Tel pourrait être le schéma organisateur de la démarche patiemment entreprise par l’anthropologue Joël Thoraval (1950-2016). Un gros volume rassemble, à titre posthume, des articles dispersés de ce chercheur dont la discrétion extrême n’avait d’égale que les compétences. Ceux qui eurent l’occasion de l’entendre, dans des colloques et séminaires, se souviennent d’un expert aux connaissances extraordinairement fines et précises qui en tirait des conclusions inattendues, parfois troublantes, toujours intéressantes.
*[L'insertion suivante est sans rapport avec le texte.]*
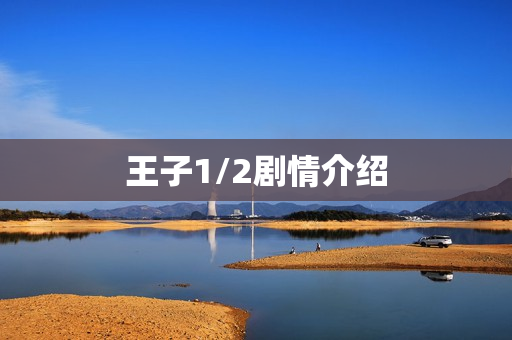 王子1/2剧情介绍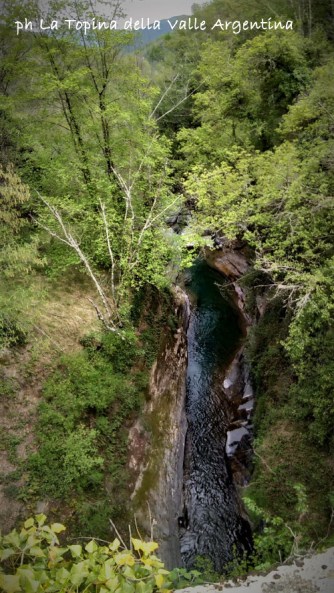 torrente argentina forra grognardo ponte mauta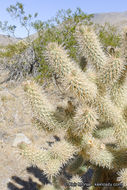 Image de Cylindropuntia fosbergii (C. B. Wolf) Rebman, M. A. Baker & Pinkava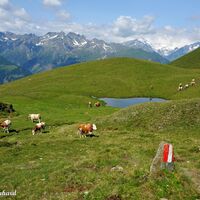 Aber auch sonst gibt es Geheimnisse zu entdecken, wie diese kleinen Bergseen.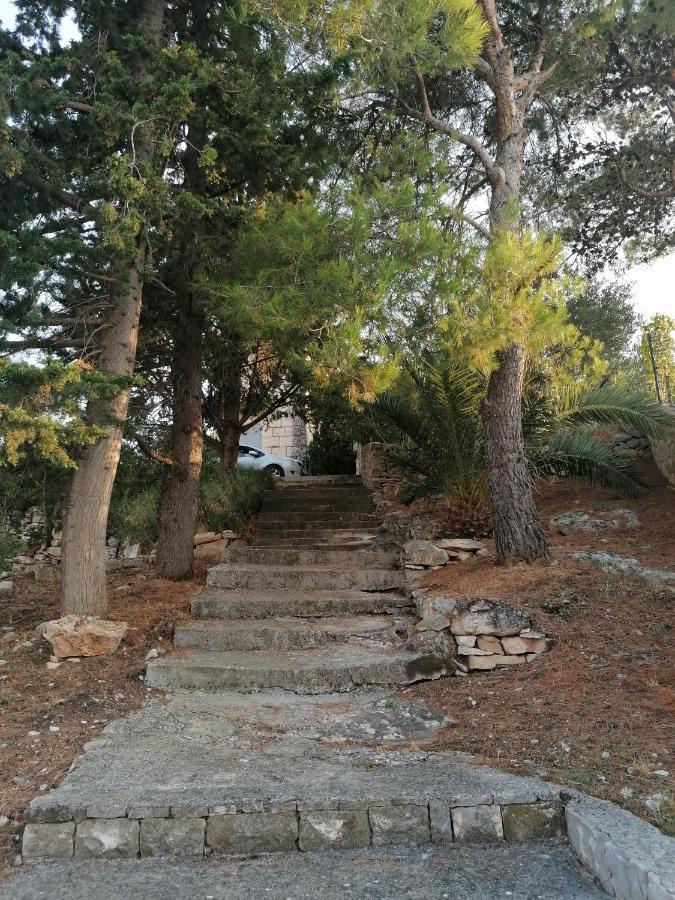 Holiday home La Petite Maison *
Ancien élève de l’École Normale Supérieure, formé à l’anthropologie par Maurice Godelier, ce sinologue fut d’abord archéologue en Afghanistan avant de passer treize années en Chine, de 1981 à 1994. Il devint notamment attaché culturel à Pékin et chercheur à l’université de Hong Kong, avant d’être élu, à Paris, maître de conférences à l’EHESS et directeur du Centre de recherche sur la Chine contemporaine. Grand observateur de la société chinoise post-maoïste, il a étudié de façon exemplaire la restauration du confucianisme dans la pensée politique et philosophique actuelle. Plusieurs articles de ses Ecrits sur la Chine y sont consacrés, complétant le livre publié par Joël Thoraval avec Sébastien Billioud, Le sage et le peuple. Le renouveau confucéen en Chine (CNRS éditions, 2014).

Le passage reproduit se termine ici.